Dawson City blooms in the summer. It’s a process that begins in some local commercial greenhouses and explodes after the horticultural booths at the Gold Show during Victoria Day Weekend in May. It then continues unabated as part of the Farmers’ Market during the summer, and employs several landscaping and gardening firms during the same period.

Standout gardens include the floral displays at the Commissioner’s Residence, which Parks Canada and some contractors have to struggle to bring into bloom in time for the annual Commissioner’s Tea on the weekend nearest to June 13.

Victory Gardens, located just north of the Dawson City Museum, has been a scenic spot for generations. The residents of the old McDonald Lodge, on Fifth Avenue, used to have a good view from their front porch. The new lodge is on the other side of the park, but has been designed so that there is still good viewing from a covered deck.

There are other sites I could mention, but this week I want to focus on one of the stranger and more prominent gardens. Officially known as Mary Hanulik Garden, this one is found on the west side of Front Street, just south of the Commissioner’s Residence, and wasn’t originally intended as a garden at all.

These days it is festooned with flowers, bushes and small trees, and plaques bolted to two boulders on the dyke end of the narrow road leading up the street celebrate the lives of George Mercer Dawson, Joseph Francis Ladue and L.N. “Jack” McQuesten, three individuals who loom large in Klondike lore.

‘Twas not always thus.

The force main from Dawson’s sewage system meets a buried cistern at the top of the hill on which the garden sits. The cistern fills up to a certain point and then triggers a discharge of effluent down to the outflow pipe that opens into the fastest part of the Yukon River’s current. When the dyke was being built there needed to be an access road so that city workers could service the cistern, so a lane just big enough to allow the passage of a pickup truck was added.
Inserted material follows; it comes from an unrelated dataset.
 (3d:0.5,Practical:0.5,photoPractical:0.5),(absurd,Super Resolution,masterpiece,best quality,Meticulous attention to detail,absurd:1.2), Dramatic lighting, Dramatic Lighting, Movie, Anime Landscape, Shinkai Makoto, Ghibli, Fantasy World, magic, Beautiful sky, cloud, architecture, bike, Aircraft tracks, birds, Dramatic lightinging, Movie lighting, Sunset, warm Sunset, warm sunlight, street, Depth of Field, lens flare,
In the late 1980s, when the dyke was new, the cistern could be quite pungent, and Norm’s Hump, as it was generally known (the Super of Public Works is Norm Carlson) was far from being a landmark.
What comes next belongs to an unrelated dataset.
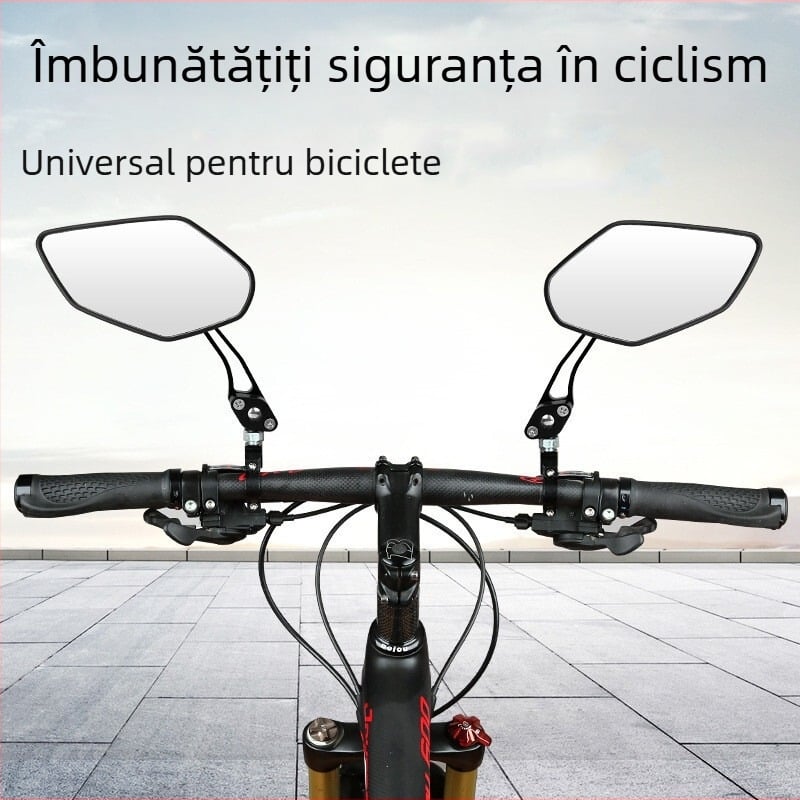 Oglindă retrovizoare pentru bicicletă, rotație de 360°, aliaj de aluminiu, oglindă din sticlă HD, reflector plat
Since it was so prominent, it was decided to dress it up a bit. I don’t know if part of the plan might have been to kill the odour, but it seems to have worked out that way. First came the flowers and foliage, followed by the first generation of benches (since replaced with spiffy new designs by Jim Williams), then the boulders and eventually the three plaques.

These days, after further landscaping to create a real Waterfront Park, this lane is the natural end of a short walk that might begin at the SS Keno and wend its way past the gazebo and the town clock.

Although the garden did acquire a more upscale name over the years, in memory of a woman whose flower gardens were legendary during her life, I’m afraid lots of locals still call it Norm’s Hump.